● **What is being asked**: The lines from the start of the data through the line containing "هُوَ ٱلَّذِىٓ أَنزَلَ" are to be reproduced exactly, both ends included.

Records to use Start Marker

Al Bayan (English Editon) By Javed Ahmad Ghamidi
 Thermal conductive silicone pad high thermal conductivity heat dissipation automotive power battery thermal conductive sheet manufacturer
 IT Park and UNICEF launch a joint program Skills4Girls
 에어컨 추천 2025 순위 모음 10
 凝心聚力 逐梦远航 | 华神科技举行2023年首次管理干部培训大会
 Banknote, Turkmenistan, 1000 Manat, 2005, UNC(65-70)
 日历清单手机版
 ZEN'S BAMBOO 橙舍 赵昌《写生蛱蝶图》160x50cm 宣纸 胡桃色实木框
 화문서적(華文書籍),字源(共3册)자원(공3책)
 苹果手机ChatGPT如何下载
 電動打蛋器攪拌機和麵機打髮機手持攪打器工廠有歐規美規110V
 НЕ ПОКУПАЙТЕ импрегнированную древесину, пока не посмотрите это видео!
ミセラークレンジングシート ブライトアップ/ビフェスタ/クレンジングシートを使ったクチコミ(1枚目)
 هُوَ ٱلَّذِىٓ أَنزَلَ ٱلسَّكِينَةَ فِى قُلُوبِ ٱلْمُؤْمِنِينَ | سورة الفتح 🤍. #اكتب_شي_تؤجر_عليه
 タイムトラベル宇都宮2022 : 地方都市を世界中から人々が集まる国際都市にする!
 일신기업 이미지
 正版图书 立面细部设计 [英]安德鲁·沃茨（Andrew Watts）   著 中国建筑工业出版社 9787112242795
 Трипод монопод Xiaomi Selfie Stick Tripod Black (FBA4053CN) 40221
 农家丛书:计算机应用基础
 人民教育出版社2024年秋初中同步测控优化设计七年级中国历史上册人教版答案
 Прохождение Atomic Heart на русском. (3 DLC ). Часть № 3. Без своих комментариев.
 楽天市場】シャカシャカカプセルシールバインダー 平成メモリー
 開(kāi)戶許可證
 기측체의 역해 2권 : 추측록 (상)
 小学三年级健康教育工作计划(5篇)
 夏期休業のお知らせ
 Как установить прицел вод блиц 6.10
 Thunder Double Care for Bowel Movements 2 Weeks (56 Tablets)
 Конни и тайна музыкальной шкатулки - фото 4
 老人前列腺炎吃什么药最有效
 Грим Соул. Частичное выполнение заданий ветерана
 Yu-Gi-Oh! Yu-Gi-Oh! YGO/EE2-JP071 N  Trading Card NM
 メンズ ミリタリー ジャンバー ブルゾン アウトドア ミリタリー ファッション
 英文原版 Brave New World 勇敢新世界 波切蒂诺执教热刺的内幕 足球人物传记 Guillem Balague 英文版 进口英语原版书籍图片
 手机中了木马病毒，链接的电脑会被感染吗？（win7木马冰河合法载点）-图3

Records to use End Marker

● **Response to the task**:
Al Bayan (English Editon) By Javed Ahmad Ghamidi
 Thermal conductive silicone pad high thermal conductivity heat dissipation automotive power battery thermal conductive sheet manufacturer
 IT Park and UNICEF launch a joint program Skills4Girls
 에어컨 추천 2025 순위 모음 10
 凝心聚力 逐梦远航 | 华神科技举行2023年首次管理干部培训大会
 Banknote, Turkmenistan, 1000 Manat, 2005, UNC(65-70)
 日历清单手机版
 ZEN'S BAMBOO 橙舍 赵昌《写生蛱蝶图》160x50cm 宣纸 胡桃色实木框
 화문서적(華文書籍),字源(共3册)자원(공3책)
 苹果手机ChatGPT如何下载
 電動打蛋器攪拌機和麵機打髮機手持攪打器工廠有歐規美規110V
 НЕ ПОКУПАЙТЕ импрегнированную древесину, пока не посмотрите это видео!
ミセラークレンジングシート ブライトアップ/ビフェスタ/クレンジングシートを使ったクチコミ(1枚目)
 هُوَ ٱلَّذِىٓ أَنزَلَ ٱلسَّكِينَةَ فِى قُلُوبِ ٱلْمُؤْمِنِينَ | سورة الفتح 🤍. #اكتب_شي_تؤجر_عليه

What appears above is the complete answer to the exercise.